QualityPilot

Platform

Security for developers

The marketing security page covers compliance and policy. This page covers the things you'll actually paste into code — HMAC verification, secret rotation, and what we do (and don't do) with your repo source.

Looking for compliance, encryption-at-rest, or incident response? That's on the /security page. This page is for developers wiring up integrations.

Verifying webhook signatures

Every outbound webhook carries an X-QLens-Signature header of the form sha256=<hex>. The signature is HMAC-SHA-256 of the raw request body using your shared secret as the key.

Node.js (Express)

import crypto from "node:crypto";
import express from "express";

const app = express();

// IMPORTANT: keep the body raw — do not parse before verifying.
app.post(
  "/qlens",
  express.raw({ type: "application/json" }),
  (req, res) => {
    const sig = req.header("X-QLens-Signature") ?? "";
    const expected =
      "sha256=" +
      crypto
        .createHmac("sha256", process.env.QLENS_WEBHOOK_SECRET!)
        .update(req.body) // Buffer, not parsed JSON
        .digest("hex");

    const ok =
      sig.length === expected.length &&
      crypto.timingSafeEqual(Buffer.from(sig), Buffer.from(expected));

    if (!ok) return res.status(401).send("bad signature");

    const event = JSON.parse(req.body.toString("utf8"));
    // ...handle event...
    res.status(204).end();
  },
);

Python (Flask)

import hmac, hashlib, os
from flask import Flask, request, abort

app = Flask(__name__)
SECRET = os.environ["QLENS_WEBHOOK_SECRET"].encode()

@app.post("/qlens")
def qlens_hook():
    raw = request.get_data()  # raw bytes
    sig = request.headers.get("X-QLens-Signature", "")
    expected = "sha256=" + hmac.new(SECRET, raw, hashlib.sha256).hexdigest()
    if not hmac.compare_digest(sig, expected):
        abort(401)
    event = request.get_json()
    # ...handle event...
    return "", 204

Always use a constant-time compare (timingSafeEqual/compare_digest). A naive == leaks via timing channels.

Rotating secrets

Secrets you control:

  • API keys (qlens_…) — rotate at /dashboard/keys. Old keys stop working immediately on revoke.
  • Webhook signing secret — rotate at /dashboard/settings. Both old and new secrets are accepted for a 24-hour grace window to give your receiver time to roll.
  • Slack webhook URL — managed in Slack, pasted into our settings. No grace window: if you change it, paste the new URL immediately.
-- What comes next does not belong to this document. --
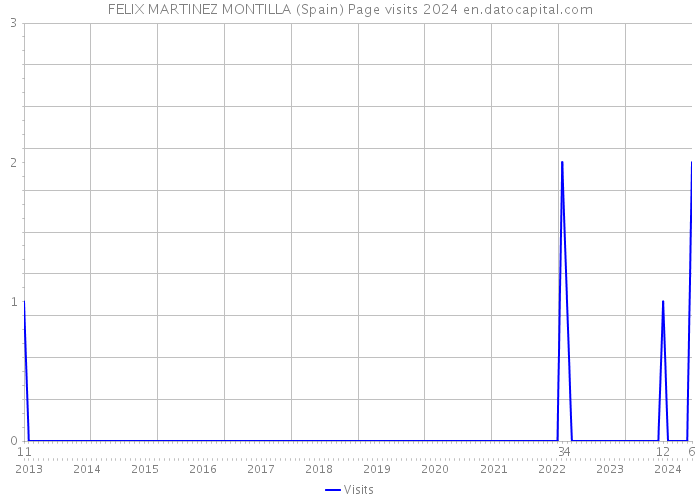 FELIX MARTINEZ MONTILLA (Spain) Page visits 2024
What we read from your repo

For auto-fix proposals, the GitHub App requests these read scopes only on opted-in repos:

  • Contents — to read failing test files and their direct imports.
  • Pull requests — to open the fix PR and update its body.
  • Checks — to attach the auto-fix status check.

We don't mirror your code. Source files are read transiently per proposal, passed to the LLM with a short retention window, and dropped after the patch is generated. The diff we keep is the patch itself, scoped to the lines you'd see in the PR.